According to my lovely host Jaana, the Finnish have two cure-alls: saunas and vodka.
I’ve been can’t-taste-my-food-coughing-myself-to-sleep-my-nose-is-so-raw-from-blowing-it sick for a few days, and just overall exhausted from my recent transition from a life behind a computer to a life of physical labor, so a sauna in the country that practically invented saunas sounded like a dream. And it was. Pure heaven. I’m already planning my next one, complete with several rolls in the snow and some solid avantouinti (ice swimming).
But let’s talk about saunas for a second.
First of all, it’s pronounced sow-nah, not saaw-nah, so don’t look at me funny when I say it right.
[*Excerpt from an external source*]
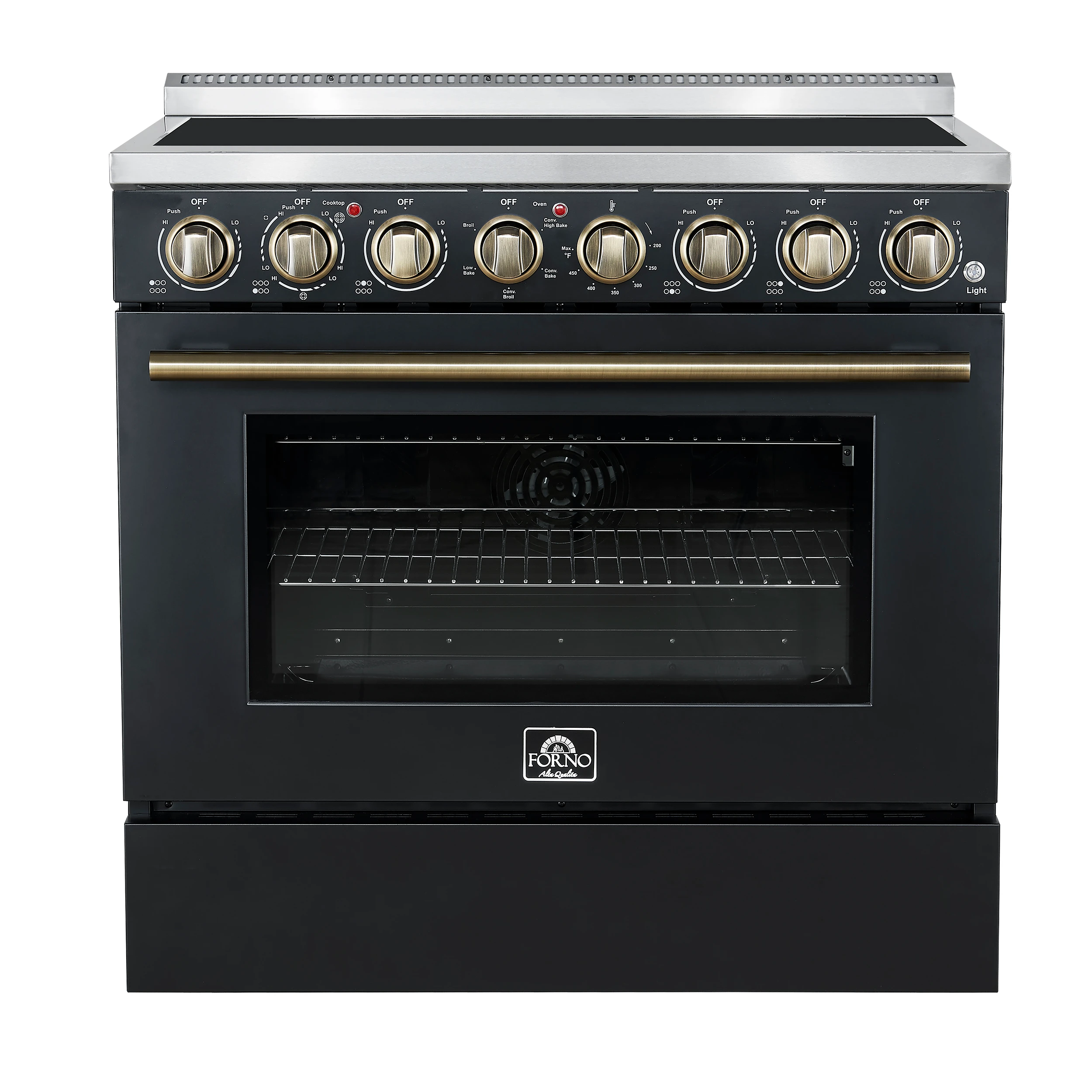 Paolo 36 Inch Black Freestanding Electric Range, Stainless Steel, 5.44 cu.ft, True Convection Oven, Energy Efficient FFSEL601136BLK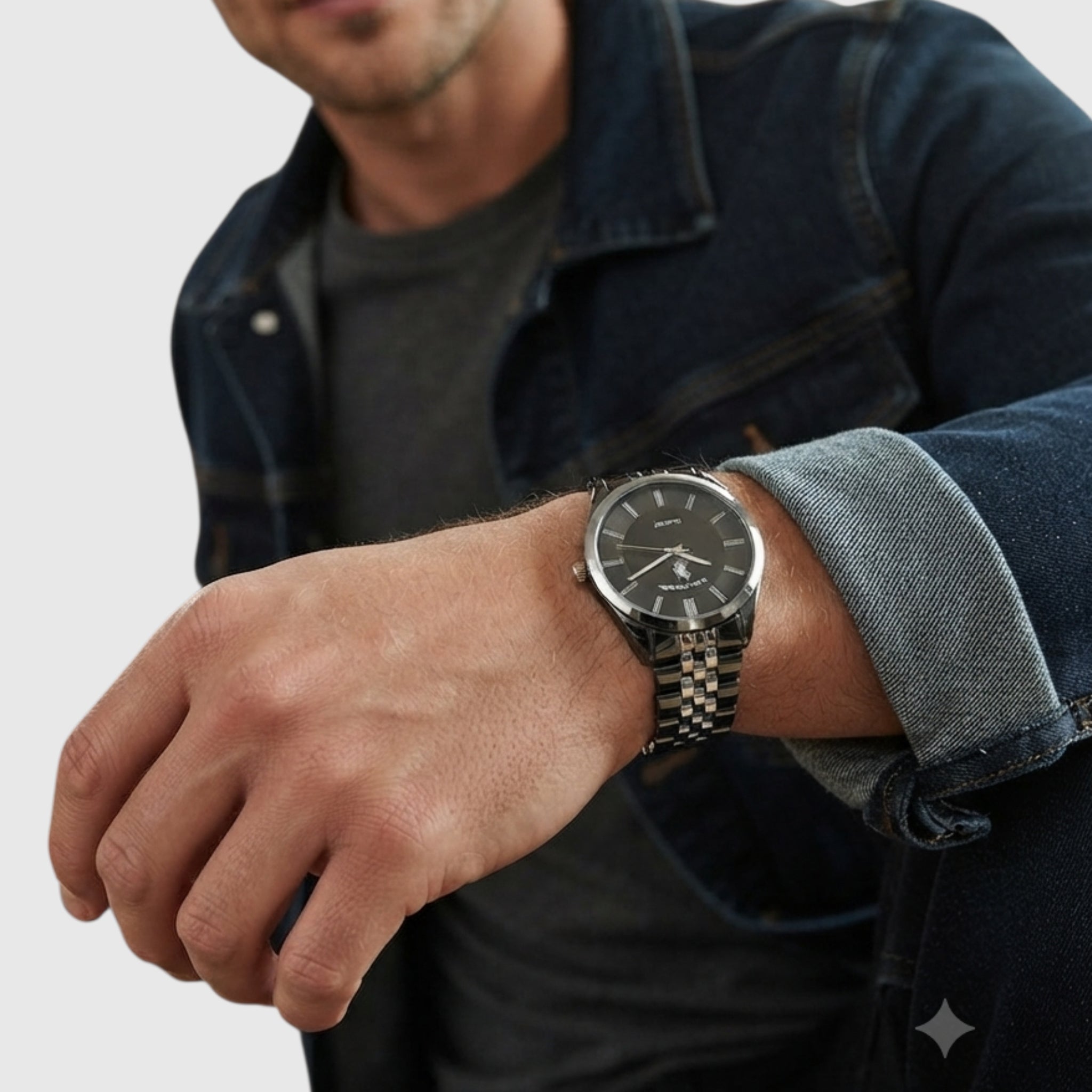 MENS TWO TONE SILVER AND GUNMETAL ANALOG LINK WATCH,USC80990UO-0000A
Second, depending on what country you are in, a wide range of sauna etiquette is possible so I recommend checking that out before you waltz in with just your birthday suit on in Hungary. In Japan, nudity is a required part of proper sauna etiquette; so is gender separation. In France, the UK and southern Europe, nudity is expected in the segregated saunas but usually forbidden in the mixed saunas, which must be terribly confusing when Germans and Austrians visit, who hail from a land where single sex saunas are rare and nudity is the accepted general rule. And of course, pretty much anything goes in the United States since our melting pot isn’t filled with unique traditions of our own; instead we just steal everyone else’s.
Third, although allegedly there is no “right” way to take a sauna, the way to take a sauna is in the nude. I couldn’t agree more, but here’s what confuses and amuses me about the whole process, especially in country where mixed gender nudity is the norm.
Taking a sauna is not meant to be erotic, it’s not meant to be sexual. But what about a tiny heated room takes away the sexual part of being naked? Is it just the mindset? A simple understanding of the rules? Or are dudes literally too hot to get turned on by breasts inside of a sauna? Are they too busy focusing on breathing and not passing out to sneak a few peeks? Does their brain get all jumbled the second they step inside, and for a moment, do they forget everything they know and feel in the outside world?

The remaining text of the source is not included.